Caught somewhere between the comforting teenage fluff of my stuffed animal collection and the harsh screeching sound of the 6 train coming to a halt on 23rd, I didn’t realize what I’d be in for when I decided to come clean: The dance studio owner that would tell me she’d have to “speak to the parents” (to see if I could continue to teach classes at her school). The strange looks that I’d get when the word “girlfriend” came up in conversation. The disapproving stares that something as mundane as holding hands would invite. The word ‘lesbian’ seemed to invalidate everything else about me… It held so much stigma.

After leaving the college bubble, the urgent idealism of campus life followed me wherever I went. I walked to work with the confidence of a girl who’d been fed widely-used platitudes her whole life: absurd things we love to tell our youth, like, “You can do anything you want to do, if you work hard enough.” I was naive. I wanted to change the world. I wanted to put an end to the awful stares that so often managed to push me into seclusion.

Books were the perfect escape. A great way to avoid eye contact.
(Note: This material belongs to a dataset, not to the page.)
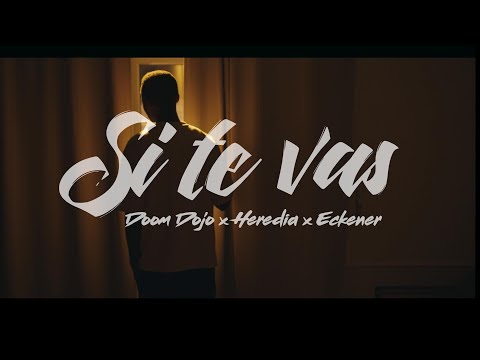 Doom Dojo  _ Si te vas (con Heredia) prod.Eckener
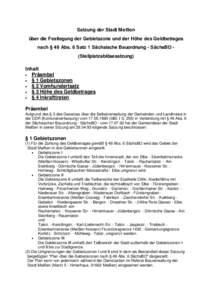 Satzung der Stadt Meißen über die Festlegung der Gebietszone und der Höhe des Geldbetrages nach § 49 Abs. 6 Satz 1 Sächsische Bauordnung - SächsBO (Stellplatzablösesatzung) Inhalt  Präambel  § 1 Gebietszon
At the time, my desire to read books was insatiable. I loved the feeling of curling up on the subway with a good paperback. I loved everything about it: the cover, the feel of the pages, the cup of scalding-hot tea warming my right hand. I read constantly, but quickly ran out of books that were really well-written pieces of fiction with lesbian protagonists—there were only a handful. However, I never ever ran out of really well-written literature with straight protagonists. This really bothered me, so I decided to write a nice piece of fiction, hop the barb-wired fence, and sneak it into mainstream publishing.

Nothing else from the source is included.